Rechte Allianzen: Was hat Trump mit den Identitären zu tun?
Beobachter der Szene waren verwirrt. Als vergangenen Juni einige Hundert Identitäre mit Lambda-Fahnen in Wien durch die Straßen zogen, blitzte in ihren Reihen das eine oder andere Donald-Trump-Shirt auf. Was, fragten sich Außenstehende, haben österreichische Rechtsextreme mit dem republikanischen Präsidentschaftskandidaten zu tun?
Mehr, als es auf den ersten Blick scheint. Die Identitären und Trump teilen ein Faible für die Medienplattform "Breitbart News", die unter ihrem Gründer Andrew Breitbart angetreten war, die Macht traditioneller Medien zu brechen. Nach Breitbarts Tod 2012 führte Stephen Bannon dessen Mission zunächst fort, baute das Online-Medium aber sukzessive zu einem Sprachrohr Trumps um. Breitbart heiße jetzt "Trumpbart", spotten Kritiker. Vor allem aber wurde es zu einem Einfallstor der sogenannten "Alternative Right" in das konservative Lager.
Den Begriff "Alt-Right" prägte Richard Spencer, selbst ernannter Verteidiger "weißer Rasseninteressen" in den USA. Seine Websites "Alternative Right" und "Radix Journal" strotzen vor rechtsradikalem Gedankengut in modischer Aufmachung: von Exkursen zu europäischer Identität bis hin zu rassischer Überlegenheit. Auf den "Genozid an Weißen" laufen in der Vorstellungswelt der amerikanischen Rechtsextremen Masseneinwanderung, gesellschaftliche Vielfalt und Feminismus hinaus. Konservative, die auch nur einen Millimeter von ihren rassistischen, frauenverachtenden, fremdenfeindlichen, antisemitischen und islamophoben Positionen abrücken, werden als "Cuckservatives" vorgeführt - eine derbe Anspielung auf einen gehörnten Ehemann ("cuckold").
Signal an Rassisten
Der politische Held des Abwehrkampfes, zu dem das Alt-Right-Lager aufruft, heißt Donald Trump. Hier schließt sich einer von mehreren Kreisen. Mitte August holte der republikanische Präsidentschaftskandidat den Breitbart-Chef Bannon als Kampagnenmanager in sein Team. Ehemalige Breitbart-Mitstreiter wie Ben Shapiro, der die Online-Plattform aus Protest gegen die radikale Ausrichtung im März verlassen hatte, waren entsetzt: Wie konnte sich Trump einem Mann ausliefern, "der mitgeholfen hat, eine klassische konservative Website zu einer Kloake der Altrechten zu machen"? Die personelle Rochade war ein Signal an Rassisten und wurde in einschlägigen Zirkeln entsprechend freudig beklatscht: Jared Taylor, Herausgeber des rechtsextremen Online-Mediums "American Renaissance", befand, damit verschaffe Trump den Positionen der Alt-Right die verdiente Popularität.

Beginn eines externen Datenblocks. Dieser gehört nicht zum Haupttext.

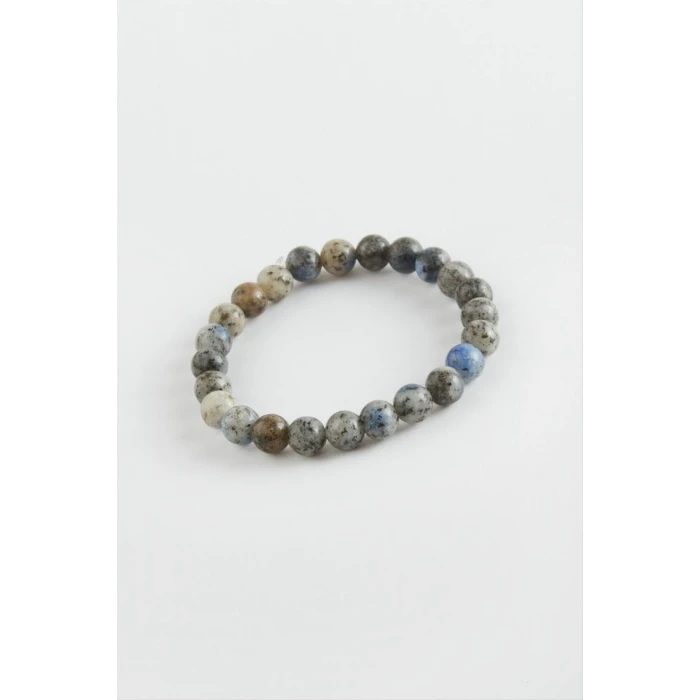 Çocuk Ceyt Doğaltaş Bileklik 6 mm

Einen ähnlichen Dienst hatte Breitbart.com zuvor jungen Rechtsextremen aus Österreich erwiesen. Wer hier nach "Identitarians" und "Austria" sucht, wird schnell fündig. Die Online-Berichte lesen sich teilweise wie Pressemeldungen der patriotischen Jugendbewegung, die sich am italienischen und französischen Faschismus ausrichtet, mit dem Hitlerismus der alten Recken bricht und nicht von Rasse, sondern von Identität redet: Jeder soll bleiben, wo er hingehört. Das entspricht ihrer Idee von "Ethnopluralismus" und klingt fast schon nett. Doch in Internet-Videos beschwört die Identitären-Bewegung die Gefahren des "großen Austausches" des Volkes und spielt unverhohlen mit der Symbolik des Dritten Reichs.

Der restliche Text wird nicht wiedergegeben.